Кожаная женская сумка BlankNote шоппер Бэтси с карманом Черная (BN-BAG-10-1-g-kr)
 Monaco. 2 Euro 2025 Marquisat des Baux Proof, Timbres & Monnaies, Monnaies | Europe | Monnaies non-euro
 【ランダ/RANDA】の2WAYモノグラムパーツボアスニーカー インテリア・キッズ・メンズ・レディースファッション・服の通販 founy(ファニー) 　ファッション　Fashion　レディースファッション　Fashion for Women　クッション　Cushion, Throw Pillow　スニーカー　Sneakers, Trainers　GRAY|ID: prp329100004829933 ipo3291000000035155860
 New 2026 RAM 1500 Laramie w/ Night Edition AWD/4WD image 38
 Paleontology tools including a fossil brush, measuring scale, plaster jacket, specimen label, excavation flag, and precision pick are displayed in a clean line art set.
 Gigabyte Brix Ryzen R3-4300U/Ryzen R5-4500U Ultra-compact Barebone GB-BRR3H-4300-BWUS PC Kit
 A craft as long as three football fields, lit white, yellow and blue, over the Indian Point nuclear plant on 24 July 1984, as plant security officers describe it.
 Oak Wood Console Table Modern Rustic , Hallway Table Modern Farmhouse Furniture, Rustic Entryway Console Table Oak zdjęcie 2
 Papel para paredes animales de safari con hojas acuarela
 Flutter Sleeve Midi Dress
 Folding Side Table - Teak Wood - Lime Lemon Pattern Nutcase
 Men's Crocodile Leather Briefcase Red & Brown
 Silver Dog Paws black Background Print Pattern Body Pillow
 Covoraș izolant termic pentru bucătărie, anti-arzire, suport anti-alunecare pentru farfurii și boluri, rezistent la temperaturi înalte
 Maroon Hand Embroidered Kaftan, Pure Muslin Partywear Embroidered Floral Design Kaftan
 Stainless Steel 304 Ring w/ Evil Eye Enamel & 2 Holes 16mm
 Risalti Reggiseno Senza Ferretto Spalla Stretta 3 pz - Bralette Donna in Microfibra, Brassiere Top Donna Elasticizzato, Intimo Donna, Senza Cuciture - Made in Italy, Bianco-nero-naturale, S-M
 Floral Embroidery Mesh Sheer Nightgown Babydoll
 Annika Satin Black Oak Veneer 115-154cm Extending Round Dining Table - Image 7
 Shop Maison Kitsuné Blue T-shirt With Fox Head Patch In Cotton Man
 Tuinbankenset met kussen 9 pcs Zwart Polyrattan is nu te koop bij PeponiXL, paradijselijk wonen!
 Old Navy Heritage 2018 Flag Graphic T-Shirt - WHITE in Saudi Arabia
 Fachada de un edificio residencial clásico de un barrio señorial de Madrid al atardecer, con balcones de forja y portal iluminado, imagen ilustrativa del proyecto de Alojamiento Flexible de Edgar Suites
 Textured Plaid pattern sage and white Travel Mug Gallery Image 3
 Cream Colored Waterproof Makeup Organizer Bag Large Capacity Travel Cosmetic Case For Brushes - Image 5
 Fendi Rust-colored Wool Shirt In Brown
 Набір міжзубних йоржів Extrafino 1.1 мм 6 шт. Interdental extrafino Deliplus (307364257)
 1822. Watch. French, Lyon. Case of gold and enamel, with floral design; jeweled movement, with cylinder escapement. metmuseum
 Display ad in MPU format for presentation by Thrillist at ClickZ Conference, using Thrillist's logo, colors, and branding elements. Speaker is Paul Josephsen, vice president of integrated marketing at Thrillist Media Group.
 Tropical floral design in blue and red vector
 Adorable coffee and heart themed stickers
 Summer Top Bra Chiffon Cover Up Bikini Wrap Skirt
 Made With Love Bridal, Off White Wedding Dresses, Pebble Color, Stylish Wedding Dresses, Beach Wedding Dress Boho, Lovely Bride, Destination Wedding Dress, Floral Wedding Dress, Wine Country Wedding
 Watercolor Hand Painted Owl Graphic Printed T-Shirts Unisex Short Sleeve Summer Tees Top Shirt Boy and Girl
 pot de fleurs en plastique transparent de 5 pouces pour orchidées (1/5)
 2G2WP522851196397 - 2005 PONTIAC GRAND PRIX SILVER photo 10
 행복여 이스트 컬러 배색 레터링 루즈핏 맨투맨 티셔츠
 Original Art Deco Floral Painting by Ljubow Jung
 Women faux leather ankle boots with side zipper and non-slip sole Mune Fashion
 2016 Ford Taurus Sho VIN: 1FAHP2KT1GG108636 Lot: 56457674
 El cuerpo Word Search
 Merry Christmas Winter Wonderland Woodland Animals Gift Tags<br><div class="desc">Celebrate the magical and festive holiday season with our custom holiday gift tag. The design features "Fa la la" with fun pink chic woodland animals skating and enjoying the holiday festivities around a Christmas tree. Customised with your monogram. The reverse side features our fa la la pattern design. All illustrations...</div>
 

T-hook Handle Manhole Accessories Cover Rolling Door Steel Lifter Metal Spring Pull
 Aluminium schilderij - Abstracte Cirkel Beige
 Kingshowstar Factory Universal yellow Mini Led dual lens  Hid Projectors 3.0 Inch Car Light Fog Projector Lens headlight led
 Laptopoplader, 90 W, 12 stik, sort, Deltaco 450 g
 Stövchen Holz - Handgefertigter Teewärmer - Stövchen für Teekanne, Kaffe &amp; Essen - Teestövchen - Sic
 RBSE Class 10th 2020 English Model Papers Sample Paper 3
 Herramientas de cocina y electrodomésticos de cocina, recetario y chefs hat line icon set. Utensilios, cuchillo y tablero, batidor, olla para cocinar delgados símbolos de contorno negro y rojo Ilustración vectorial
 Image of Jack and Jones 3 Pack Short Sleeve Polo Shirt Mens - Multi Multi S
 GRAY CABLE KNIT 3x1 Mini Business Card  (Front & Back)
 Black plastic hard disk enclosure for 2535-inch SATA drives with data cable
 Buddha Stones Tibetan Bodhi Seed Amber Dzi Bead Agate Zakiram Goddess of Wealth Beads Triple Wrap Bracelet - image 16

What you will do -
In the entries above, find the line holding "Men's Crocodile Leather" and the line holding "Shop Maison Kitsuné"; print both of them and every line between, exactly, and nothing else.

Exercise output -
 Men's Crocodile Leather Briefcase Red & Brown
 Silver Dog Paws black Background Print Pattern Body Pillow
 Covoraș izolant termic pentru bucătărie, anti-arzire, suport anti-alunecare pentru farfurii și boluri, rezistent la temperaturi înalte
 Maroon Hand Embroidered Kaftan, Pure Muslin Partywear Embroidered Floral Design Kaftan
 Stainless Steel 304 Ring w/ Evil Eye Enamel & 2 Holes 16mm
 Risalti Reggiseno Senza Ferretto Spalla Stretta 3 pz - Bralette Donna in Microfibra, Brassiere Top Donna Elasticizzato, Intimo Donna, Senza Cuciture - Made in Italy, Bianco-nero-naturale, S-M
 Floral Embroidery Mesh Sheer Nightgown Babydoll
 Annika Satin Black Oak Veneer 115-154cm Extending Round Dining Table - Image 7
 Shop Maison Kitsuné Blue T-shirt With Fox Head Patch In Cotton Man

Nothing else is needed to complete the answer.